Post by StevePulaski on Jul 18, 2016 17:31:00 GMT -5
Mother's Day (2016)
Directed by: Garry Marshall
Directed by: Garry Marshall

Julia Roberts and Jennifer Aniston in Mother's Day.
Rating: ★½
At this point, the public doesn't seem to ask for nor refuse the films of Garry Marshall, but just accepts them with a groan, a shrug, and a willingness to look the other way when the local multiplex boasts his latest movie in hopes they'll disappear as quickly as they appeared. At one point, the 81-year-old Bronx-born director made some of your favorite films to watch on a rainy Sunday and eat Häagen-Dazs to, such as Pretty Woman, Runaway Bride, and even the two Princess Diaries films.
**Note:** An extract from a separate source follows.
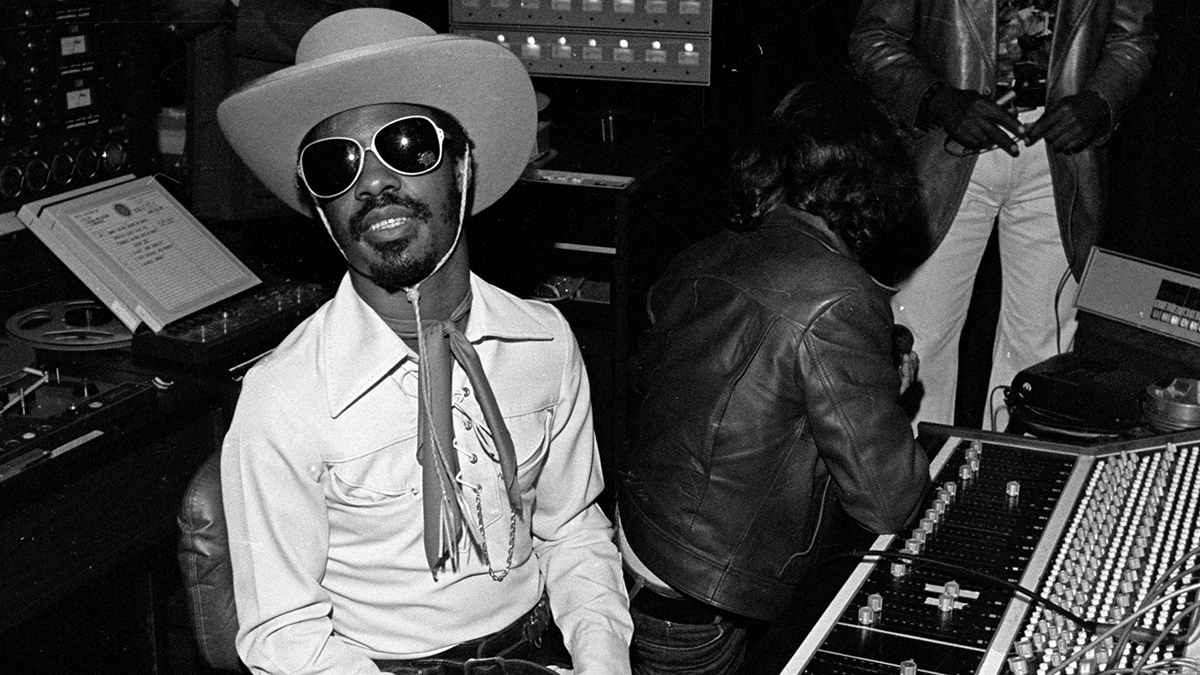 UNITED STATES - SEPTEMBER 22: Photo of Stevie WONDER; Stevie Wonder promoting the album Songs In The Key Of Life, dressed as cowboy (Photo by Richard E. Aaron/Redferns)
But then, somewhere along the way, Marshall made it his mission to take secondary American "holidays" and turn them into a series of cheaply strung together, almost unbearably schmaltzy romance anthologies that capitalized off of the idea of true love and chance encounters and not in the good way.
Following Valentine's Day and New Year's Eve, Marshall's next holiday victim is Mother's Day, a contemptibly boring picture revolving around a series of characters, particularly mothers, in their own troubled positions as Mother's Day draws close. One of them is Sandy (Jennifer Aniston), a divorced mother of two young boys whose ex-husband has just remarried a younger, attractive woman who has become a greater force in her kids' lives. With that, Sandy struggles to still be the loyal mother she used to be in the face of "fresher" competition. Another woman is Miranda (Julia Roberts), an accomplished and disciplined writer who gave up her only daughter Kristin (Britt Robertson) at birth. In the wake of her wedding, Kristin's friend Jesse (Kate Hudson) decides that it's high-time she go out and try to find who her real mother is, while Jesse herself is blindsided when her parents come to visit her.
Then there's Bradley (Jason Sudeikis), a single father still struggling to cope with his own two daughters after the death of his Marine Corp wife. As fate (also known as the screenwriters - Tom Hines, Anya Kochoff Romano, and Matt Walker) would have it, Bradley winds up engaging in a meet-cute with Sandy, who he finds himself attracted to solely for the reason that she's clumsy and ostensibly authentic. Such a basis for a relationship can only blossom and grow from there.
Mother's Day's biggest problem is that of many anthology movies and that is the fact that many of these characters' stories would be interesting on their own merits if they weren't haphazardly thrown together and shortchanged in a large film that tries to accommodate all of them rather than humanize any of them. Sandy's story alone could've been a film on its own, ripe with human interest, even bearing the same feel-good tone and meet-cute style relationship. However, the trio of writers clutter the story with so many pale plot-strands and stereotypical, one-dimensional characters that it's nearly impossible to feel for anyone.
Most of the actors, particularly Aniston and Sudeikis, get by almost solely on their amiable personas and their inherent likability as actors. When you're a seasoned actor who has proven yourself in various roles and you get handled the kind of role up-and-comers should be taking on, all you can really do, I feel, is inject yourself into the role in terms of your personality. In that respect, the cast does what they can with what they have.
They can't, however, mend a script that feels cobbled together of romantic comedy odds and ends nor magically fill a two-hour runtime for a film that feels dead on arrival, which is arguably the best way one can summarize Mother's Day. It's a brutal excursion through the drudgery of a genre that makes me question how much more life and energy it has left in it than the found footage genre, and how many more brain cells, for that matter.
Starring: Jennifer Aniston, Jason Sudeikis, Julia Roberts, Kate Hudson, and Britt Robertson. Directed by: Garry Marshall.